## GIVEN DATA
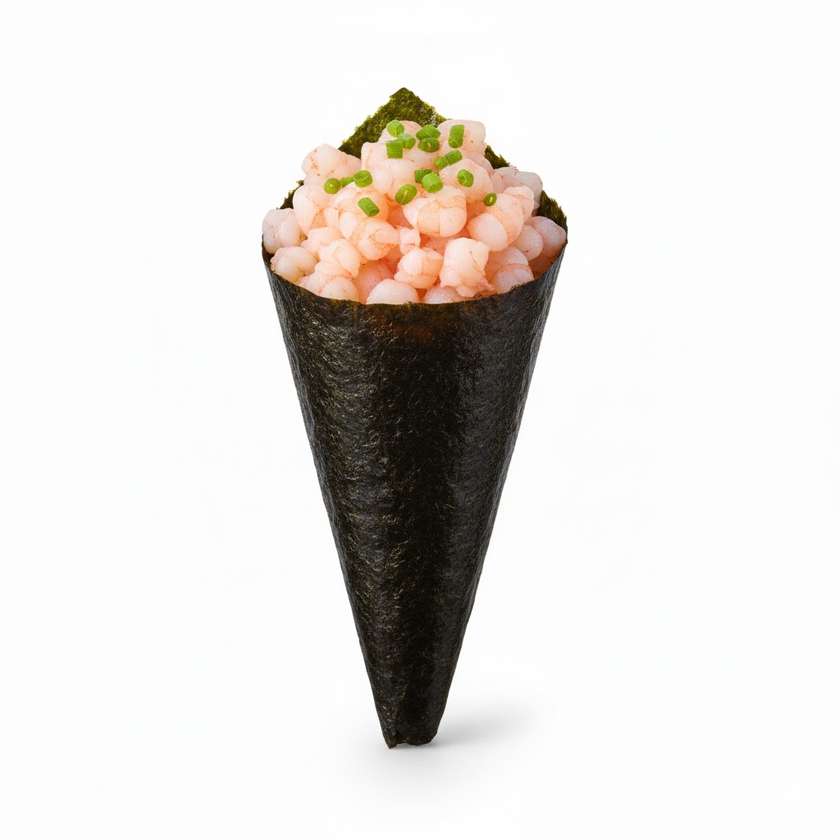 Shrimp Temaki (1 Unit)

---

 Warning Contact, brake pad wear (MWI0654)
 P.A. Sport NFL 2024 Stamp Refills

## ACTION ITEM
Look above for the line with "Warning Contact, brake pad wear (MWI0654)" and the line with "P.A. Sport NFL 2024 Stamp Refills", and reproduce exactly those two lines plus every line between, nothing more.

## YOUR SOLUTION
 Warning Contact, brake pad wear (MWI0654)
 P.A. Sport NFL 2024 Stamp Refills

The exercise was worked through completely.